Raised in a Catholic home by a father who studied in the seminary and a mother who converted from Lutheranism, I have long been influenced by the images and symbols of faith. My outlook on social and political justice and commitment to pacifism was deeply informed by my religious education. Just as I have explored and translated the iconography and spirit within my own Christian culture — its saintliest acts and bloodiest mistakes — I have also sought to learn more about other faiths, especially the faith of our supposed enemies: Islam.
As a citizen of a country that is often at war, I resist the demonization of any population and seek to reveal the religious and cultural expression of those we willfully or obliviously misunderstand here and abroad. I do not presume any expertise in Islam and recognize its diversity of religious expression. I borrow images from its art and architecture, knowing that I am an outsider.

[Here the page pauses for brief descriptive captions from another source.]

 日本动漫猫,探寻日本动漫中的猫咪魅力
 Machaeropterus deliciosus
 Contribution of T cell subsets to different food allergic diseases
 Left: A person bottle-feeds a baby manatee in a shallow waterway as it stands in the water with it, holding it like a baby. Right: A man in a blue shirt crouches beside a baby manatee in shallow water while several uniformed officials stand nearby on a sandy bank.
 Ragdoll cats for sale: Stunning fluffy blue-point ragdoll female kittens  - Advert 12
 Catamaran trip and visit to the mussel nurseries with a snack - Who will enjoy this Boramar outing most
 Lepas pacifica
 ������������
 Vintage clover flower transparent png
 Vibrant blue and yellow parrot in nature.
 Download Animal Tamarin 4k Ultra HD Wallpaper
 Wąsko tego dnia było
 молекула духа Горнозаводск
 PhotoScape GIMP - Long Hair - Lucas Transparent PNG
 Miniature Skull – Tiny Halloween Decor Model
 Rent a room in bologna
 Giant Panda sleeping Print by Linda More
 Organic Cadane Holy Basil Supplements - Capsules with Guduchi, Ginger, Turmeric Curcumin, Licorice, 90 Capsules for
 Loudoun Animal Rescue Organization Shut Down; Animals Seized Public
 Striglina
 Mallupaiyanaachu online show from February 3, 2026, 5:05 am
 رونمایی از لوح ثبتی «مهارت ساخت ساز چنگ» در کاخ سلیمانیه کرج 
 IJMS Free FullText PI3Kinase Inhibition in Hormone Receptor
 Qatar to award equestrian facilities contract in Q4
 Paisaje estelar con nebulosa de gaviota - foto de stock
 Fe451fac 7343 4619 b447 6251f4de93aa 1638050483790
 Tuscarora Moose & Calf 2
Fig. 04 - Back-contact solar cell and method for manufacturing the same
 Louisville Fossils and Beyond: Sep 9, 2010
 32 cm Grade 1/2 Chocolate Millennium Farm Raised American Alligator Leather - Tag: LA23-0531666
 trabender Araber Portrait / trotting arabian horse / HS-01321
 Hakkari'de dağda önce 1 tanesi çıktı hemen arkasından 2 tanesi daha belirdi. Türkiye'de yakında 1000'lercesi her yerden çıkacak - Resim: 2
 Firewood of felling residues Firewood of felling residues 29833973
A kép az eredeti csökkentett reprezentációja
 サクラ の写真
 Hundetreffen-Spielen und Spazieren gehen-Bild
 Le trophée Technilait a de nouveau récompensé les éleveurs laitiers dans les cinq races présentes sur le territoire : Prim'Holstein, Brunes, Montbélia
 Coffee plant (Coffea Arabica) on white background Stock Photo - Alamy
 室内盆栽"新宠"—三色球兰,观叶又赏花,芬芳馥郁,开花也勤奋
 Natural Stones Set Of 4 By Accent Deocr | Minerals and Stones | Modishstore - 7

In considering and responding to its traditions, I seek to reveal, regret and reconstruct that which is threatened, lost or ruined in countries currently under attack. I see my artwork (the R&R(&R) series in particular) as a kind of empathic restitution.
My work has been influenced by the religion of Islam as expressed through its visual and literary culture. I am immersed in an ongoing search to discover and establish connections between Islamic culture and my own. Rejecting the intolerance of fundamentalism, whether Judeo-Christian or Islamic, I seek the principles and practitioners of faiths that insure our ability to do more than simply survive, to live good lives and perform good works, whether we attain salvation or not.
Susanne Slavick is an artist whose imagery relies on sources ranging from antiquated cartography to Persian miniatures to internet documentation of sites in conflict. With the crossed eyes of a realist and idealist, her recent paintings and works on paper are attempts at empathic restitution, gestures of recognition, remorse and recovery in face of devastation.
Slavick is the Andrew W. Mellon Professor of Art at Carnegie Mellon. Graduating from Yale University in 1978, she subsequently studied at Jagiellonian University in Krakow and earned her MFA at Tyler School of Art in Rome and Philadelphia. Slavick has exhibited in museums and galleries in across the country as well as in Europe and Asia. Her paintings have been recognized through an artist fellowship from the National Endowment for the Arts and four awards from the Pennsylvania Council on the Arts. In 2008, she was designated “Artist of the Year” by the Pittsburgh Center for the Arts where she premiered “R&R(&R)”. Works from this ongoing series of works on paper have traveled to the Warhol Museum in Pittsburgh, Rutgers University, the Chicago Cultural Center, Bradley University and Art Chicago through Zolla Lieberman Gallery. Her solo show at McDonough Museum of Art in Youngstown, Ohio opens this fall.